#31DOH Day 21: À l’intérieur/Inside (2007)
First off, a little bit of an apology from our Editor:
This should have gone out on Monday, but for some odd reason (I forgot to press the Schedule button) it didn’t go live. On top of that, there’s the absence of day 22’s film, which I was supposed to do yesterday but didn’t because I was off sick. My apologies readers, so today we’ll have a whole bunch to read!
Anyway, enough about me and my inability to juggle more than two things at once – have a read of Aaron’s write up!
Sorry again. Paul.
During the early 00’s there was a seeming revival of horror films coming out of France and being critically raved about overseas. Films such as Trouble Everyday and Haute Tension receiving great acclaim. The revival was sort of named ‘New French Extremity’ with each of the films generally sharing a brutal unflinching look at violence and sex as key parts of the story.
In 2007 a dark, fairly nihilistic film called ‘À l’intérieur’ was released directed by Julien Maury and Alexandre Bustillo which was pretty fondly received. It later spawned an American remake. Having watched the remake recently and being left with a sour taste in my mouth, I thought why not go back to the grisly original that I remember for not pulling any punches or copping out at the end.
The film begins with a harsh brutal car crash which you could say starts the downward spiral of darkness and depression the main character Sarah suffers from in the film. Pregnant and all alone she is making preparations to deliver her baby when out of the blue she gets a visit from a lady asking to use her phone. Sarah turns this lady away but quickly realises that’s not the last she’ll see of her. The lady breaks in, declares the baby will be hers and then spends the rest of the film trying to get the child out of Sarah.
There are some big twists as the film drives forward at a fast pace all of which work beautifully. The film is so incredibly dark in tone, with little to no humour and it’s refreshing because of this. I feel too often in horror we know what’s going to happen, but here anything goes. The main piece is about two characters and it is phenomenally well-acted. The script and direction are pin-sharp with constant tension throughout. The is little let up and when it does happen, it is generally shattered soon after. It is a genuinely scary film in the fact you truly are scared for Sarah and her unborn child. Its a masterclass in how to create tension in a small location.
The violence in the film is horrific and brutal while being deliberate and in place for the plot. It all feels very real with characters taking realistic injuries.

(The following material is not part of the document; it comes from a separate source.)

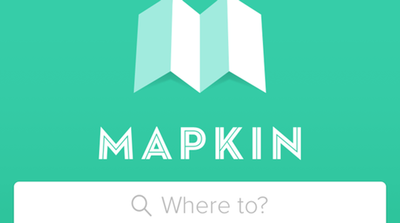 Stand aside, Waze: Mapkin is a GPS app that gives directions like a local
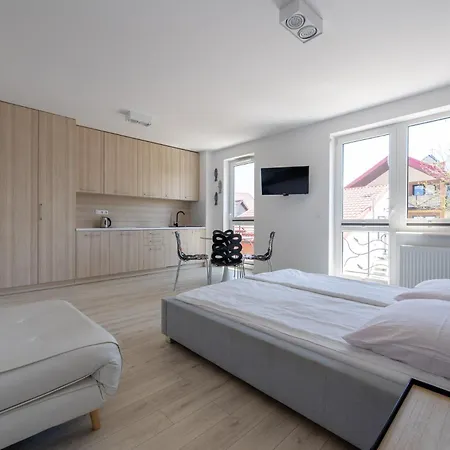 Blisko Morza Przy Wydmie * Darlowko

The big baddie in the film isn’t a monster or ghost, she’s a normal person hellbent on getting the child. It’s also interesting that the antagonist is another’s female as 9 times out of 10 it’s a male trying to kill the heroine. It’s a nice change and one that really makes the film stand out. As an audience, it makes us more intrigued into what motives the lady has.
It’s a fascinating film and incredibly harrowing to watch. I love this film so much and feel it is a breath of fresh air in the horror genre. There are so few films that handle a subject matter like this so well and in a way that makes you think hard after they are finished.
This is what you call a near-perfect execution of a simple, yet truly engaging idea. I love the film and can see why I remembered little parts for such a long time. I give this my wholehearted recommendation (but don’t watch the remake.)